Segment Start: Material for this exercise

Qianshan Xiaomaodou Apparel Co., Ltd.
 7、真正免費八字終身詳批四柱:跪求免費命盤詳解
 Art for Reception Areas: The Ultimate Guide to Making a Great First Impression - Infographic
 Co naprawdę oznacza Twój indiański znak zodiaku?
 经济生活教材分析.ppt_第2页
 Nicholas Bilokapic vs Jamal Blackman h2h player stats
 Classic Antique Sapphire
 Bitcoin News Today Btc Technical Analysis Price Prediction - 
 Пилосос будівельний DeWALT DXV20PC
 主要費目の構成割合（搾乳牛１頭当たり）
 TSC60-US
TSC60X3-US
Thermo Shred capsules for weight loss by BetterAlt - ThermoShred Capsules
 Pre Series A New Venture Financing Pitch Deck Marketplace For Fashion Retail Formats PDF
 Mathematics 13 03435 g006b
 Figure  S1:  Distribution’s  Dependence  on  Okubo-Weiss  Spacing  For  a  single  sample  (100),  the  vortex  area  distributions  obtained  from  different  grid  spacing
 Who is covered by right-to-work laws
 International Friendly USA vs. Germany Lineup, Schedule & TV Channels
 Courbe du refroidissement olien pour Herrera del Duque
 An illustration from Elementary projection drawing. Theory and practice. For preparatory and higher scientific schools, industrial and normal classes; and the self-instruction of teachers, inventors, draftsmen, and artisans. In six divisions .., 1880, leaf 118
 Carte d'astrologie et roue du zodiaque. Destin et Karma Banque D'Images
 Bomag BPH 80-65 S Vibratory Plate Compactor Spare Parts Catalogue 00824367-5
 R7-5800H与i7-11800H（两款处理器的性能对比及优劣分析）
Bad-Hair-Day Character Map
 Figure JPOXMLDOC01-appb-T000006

Segment End: Material for this exercise

> **What you need to do**: I'd like the number of lines in the listing above that contain the string "from", and only the number.

> **Exercise result**: 2